→ **WHAT YOU NEED TO DO**: Would you please transcribe the data in full and exactly, excluding images?

→ **THE DATA**:
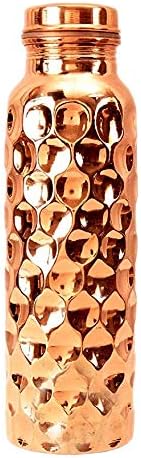 MustHaves Pure Copper Metal Bottle, 1L, Copper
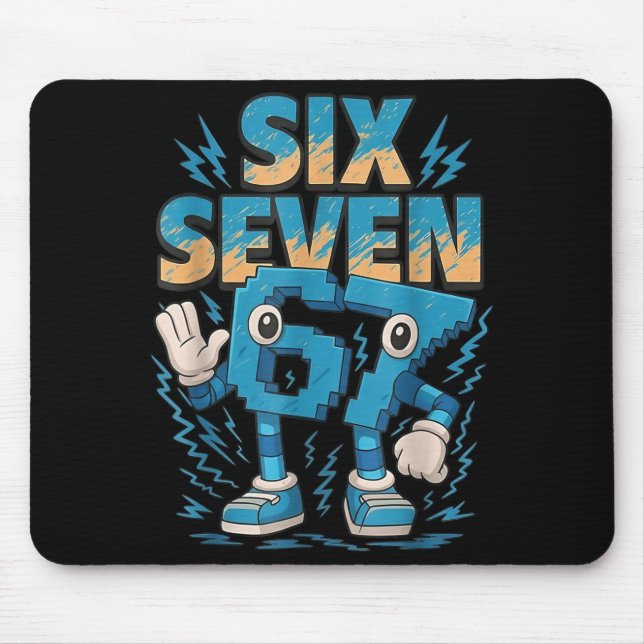 67 Six Seven 6 7 Italian Brainrot  Mouse Mat (Front)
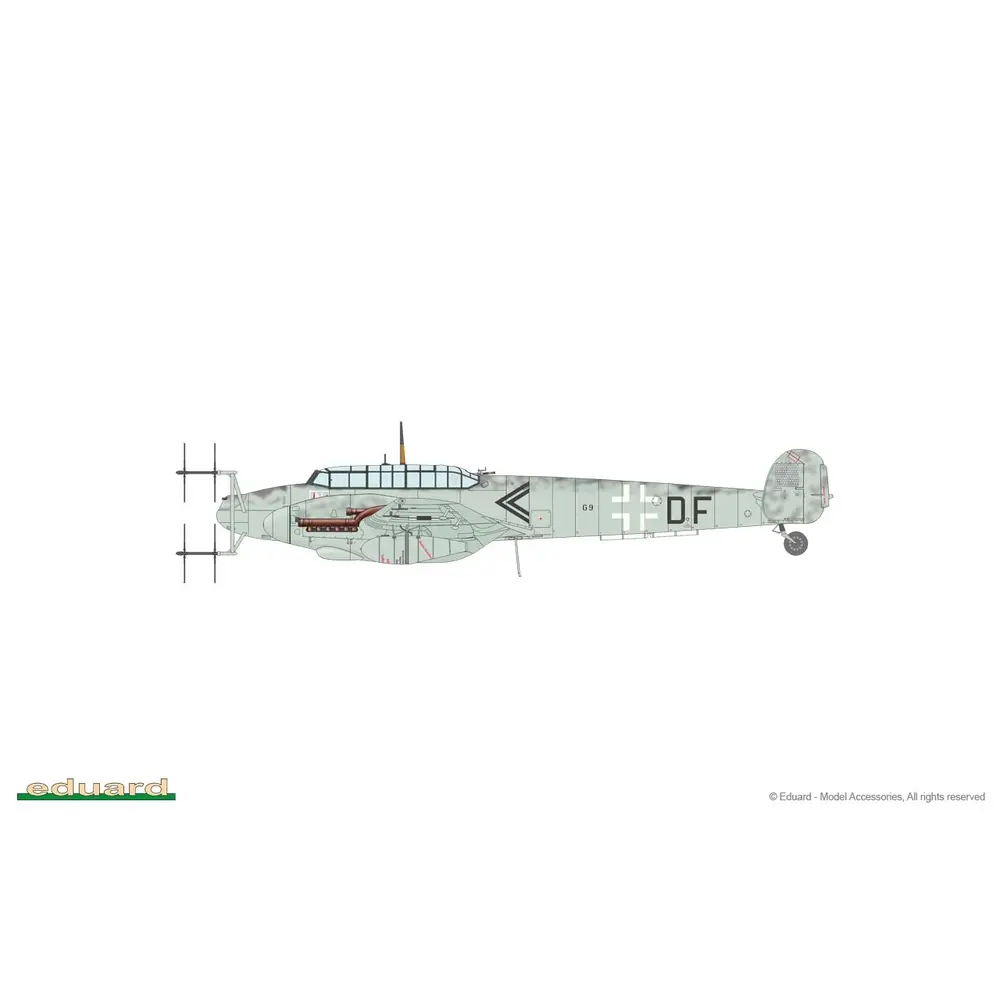 Avion Bf 110G-4 Messerschmitt - Eduard Plastic Kits 8405 - 1/48 - 4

→ **TASK RESPONSE**:
 MustHaves Pure Copper Metal Bottle, 1L, Copper
 67 Six Seven 6 7 Italian Brainrot  Mouse Mat (Front)
 Avion Bf 110G-4 Messerschmitt - Eduard Plastic Kits 8405 - 1/48 - 4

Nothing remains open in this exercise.